The president doesn't seem to appreciate the urgency of the moment. He doesn't seem to appreciate that our country is headed for a real crisis.

Republicans have shown that we are willing to support a budget that reduces our long-term debt. But the only way America will make real progress on debt reduction is if President Obama follows suit. Unfortunately, he seems allergic to genuine bipartisan compromises.

Until the Obama Administration, virtually every landmark domestic-policy change in modern U.S. history was achieved with bipartisan support. For example, both the1935 Social Security Act and the 1964 Civil Rights Act were signed by a Democratic president and endorsed by a large majority of Senate Republicans.
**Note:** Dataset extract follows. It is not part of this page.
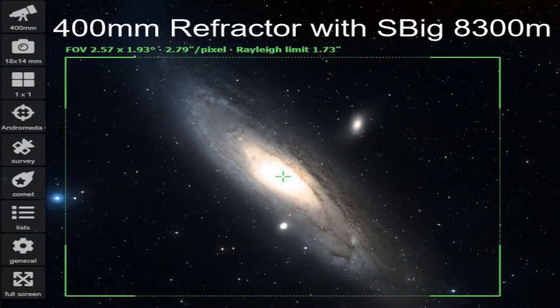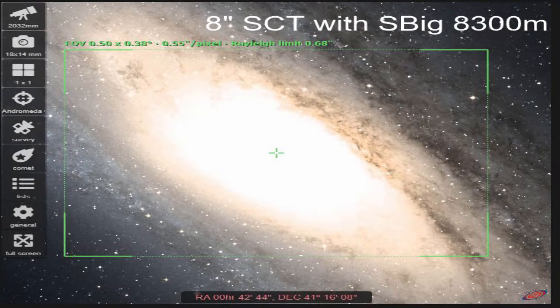The second pro is a wider field. A refractor can give you a wider field of view, which makes it much more forgiving for guiding. It also allows you to fit larger deep sky objects on your chip due to the shorter focal length. An 80mm telescope at 400mm focal length can natively fit the Andromeda Galaxy on the chip, depending on chip size. A Schmidt-Cassegrain without a reducer will probably only capture the core, and you'd need a reducer plus post-processing to address vignetting.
The 1996 Welfare Reform Act signed by President Clinton was backed by every single member of the GOP Senate caucus, along with a majority of Senate Democrats.

Likewise, during the Reagan years, most Senate Democrats voted for the 1983 Social Security Amendments, and a whopping 94% of Senate Democrats voted for the 1986 Tax Reform Act. Under President George W. Bush, 84% of Senate Democrats votedfor the No Child Left Behind Act.
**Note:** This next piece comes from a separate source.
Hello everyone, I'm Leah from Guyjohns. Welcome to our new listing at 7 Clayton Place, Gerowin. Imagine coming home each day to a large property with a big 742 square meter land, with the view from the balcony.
In other words, presidents have traditionally understood that reform and results take leadership. Yet President Obama doesn't seem to care. He prefers to play the blame game -- giving speeches and knocking down straw men -- rather than do something about our skyrocketing debt. In short: He takes the easy way out.

Real debt reduction will require real presidential leadership -- the kind of leadership that President Clinton displayed in 1993, when he convinced 47% of Senate Democrats and 40% of House Democrats to defy the unions and support the North American Free Trade Agreement. (Since then, U.S. trade with Canada has nearly tripled and U.S. trade with Mexico has increased almost sixfold.)
Obama has tried to redefine "tax and spend" as balanced, but it still leaves our debt out of balance with our resources, and we cannot tax our way to increased resources.  Raising taxes decreases the resources available to the private sector to grow the economy.